▸ **Exercise description**
Print exactly what the entries say, line by line, from the first line down to the one with "FordValve Cover, Short, Baffled, Breather", inclusive.

Entries taken from a collection
○ ○ ○ ○

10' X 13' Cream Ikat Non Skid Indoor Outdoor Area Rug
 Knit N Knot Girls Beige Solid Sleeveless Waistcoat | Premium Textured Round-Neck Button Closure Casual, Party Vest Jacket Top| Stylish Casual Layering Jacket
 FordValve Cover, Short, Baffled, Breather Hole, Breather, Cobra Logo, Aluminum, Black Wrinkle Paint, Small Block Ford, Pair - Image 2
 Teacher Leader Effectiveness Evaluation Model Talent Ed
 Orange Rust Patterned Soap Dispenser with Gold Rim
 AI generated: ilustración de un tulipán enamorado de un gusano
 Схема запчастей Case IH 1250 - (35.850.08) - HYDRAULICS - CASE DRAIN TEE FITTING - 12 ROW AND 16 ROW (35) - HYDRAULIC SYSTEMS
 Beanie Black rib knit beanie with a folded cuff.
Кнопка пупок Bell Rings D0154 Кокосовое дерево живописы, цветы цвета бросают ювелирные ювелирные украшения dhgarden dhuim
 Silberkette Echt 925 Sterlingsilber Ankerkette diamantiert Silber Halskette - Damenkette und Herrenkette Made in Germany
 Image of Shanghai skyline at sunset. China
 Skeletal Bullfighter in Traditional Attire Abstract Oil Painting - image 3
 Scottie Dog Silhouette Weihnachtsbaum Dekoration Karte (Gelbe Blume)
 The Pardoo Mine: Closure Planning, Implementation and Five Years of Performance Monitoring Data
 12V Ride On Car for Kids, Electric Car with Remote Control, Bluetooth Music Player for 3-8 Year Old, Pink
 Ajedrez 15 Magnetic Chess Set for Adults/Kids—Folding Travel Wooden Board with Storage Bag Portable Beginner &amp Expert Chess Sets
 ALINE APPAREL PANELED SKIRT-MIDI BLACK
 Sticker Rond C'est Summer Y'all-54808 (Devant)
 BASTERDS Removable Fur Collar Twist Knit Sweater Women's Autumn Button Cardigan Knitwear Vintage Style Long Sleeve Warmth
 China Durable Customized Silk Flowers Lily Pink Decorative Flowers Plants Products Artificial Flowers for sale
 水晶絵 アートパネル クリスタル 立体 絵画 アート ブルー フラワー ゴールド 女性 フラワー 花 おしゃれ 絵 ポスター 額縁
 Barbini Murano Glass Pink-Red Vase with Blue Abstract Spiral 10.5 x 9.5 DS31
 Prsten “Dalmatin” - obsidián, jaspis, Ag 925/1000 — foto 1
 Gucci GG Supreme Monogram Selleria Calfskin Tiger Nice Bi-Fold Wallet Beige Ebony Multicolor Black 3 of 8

○ ○ ○ ○

▸ **Exercise solution**
10' X 13' Cream Ikat Non Skid Indoor Outdoor Area Rug
 Knit N Knot Girls Beige Solid Sleeveless Waistcoat | Premium Textured Round-Neck Button Closure Casual, Party Vest Jacket Top| Stylish Casual Layering Jacket
 FordValve Cover, Short, Baffled, Breather Hole, Breather, Cobra Logo, Aluminum, Black Wrinkle Paint, Small Block Ford, Pair - Image 2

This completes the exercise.